Records supplied:
--

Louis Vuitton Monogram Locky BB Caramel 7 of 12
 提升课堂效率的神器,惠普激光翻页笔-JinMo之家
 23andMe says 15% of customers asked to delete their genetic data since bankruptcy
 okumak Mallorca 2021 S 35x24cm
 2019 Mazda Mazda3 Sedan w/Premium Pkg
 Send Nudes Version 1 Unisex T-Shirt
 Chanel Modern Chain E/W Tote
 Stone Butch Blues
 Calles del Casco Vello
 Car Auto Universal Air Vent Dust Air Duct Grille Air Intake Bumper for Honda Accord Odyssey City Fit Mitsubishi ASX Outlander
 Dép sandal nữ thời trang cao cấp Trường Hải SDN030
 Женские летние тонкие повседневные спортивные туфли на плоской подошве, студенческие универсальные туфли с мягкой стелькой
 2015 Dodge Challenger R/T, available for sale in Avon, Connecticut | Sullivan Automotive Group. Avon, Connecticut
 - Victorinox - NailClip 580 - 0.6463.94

--

Activity:
Your task is to set down exactly the lines from the line containing "23andMe says 15%" to the end of the data above, including both ends.

Your response:
 23andMe says 15% of customers asked to delete their genetic data since bankruptcy
 okumak Mallorca 2021 S 35x24cm
 2019 Mazda Mazda3 Sedan w/Premium Pkg
 Send Nudes Version 1 Unisex T-Shirt
 Chanel Modern Chain E/W Tote
 Stone Butch Blues
 Calles del Casco Vello
 Car Auto Universal Air Vent Dust Air Duct Grille Air Intake Bumper for Honda Accord Odyssey City Fit Mitsubishi ASX Outlander
 Dép sandal nữ thời trang cao cấp Trường Hải SDN030
 Женские летние тонкие повседневные спортивные туфли на плоской подошве, студенческие универсальные туфли с мягкой стелькой
 2015 Dodge Challenger R/T, available for sale in Avon, Connecticut | Sullivan Automotive Group. Avon, Connecticut
 - Victorinox - NailClip 580 - 0.6463.94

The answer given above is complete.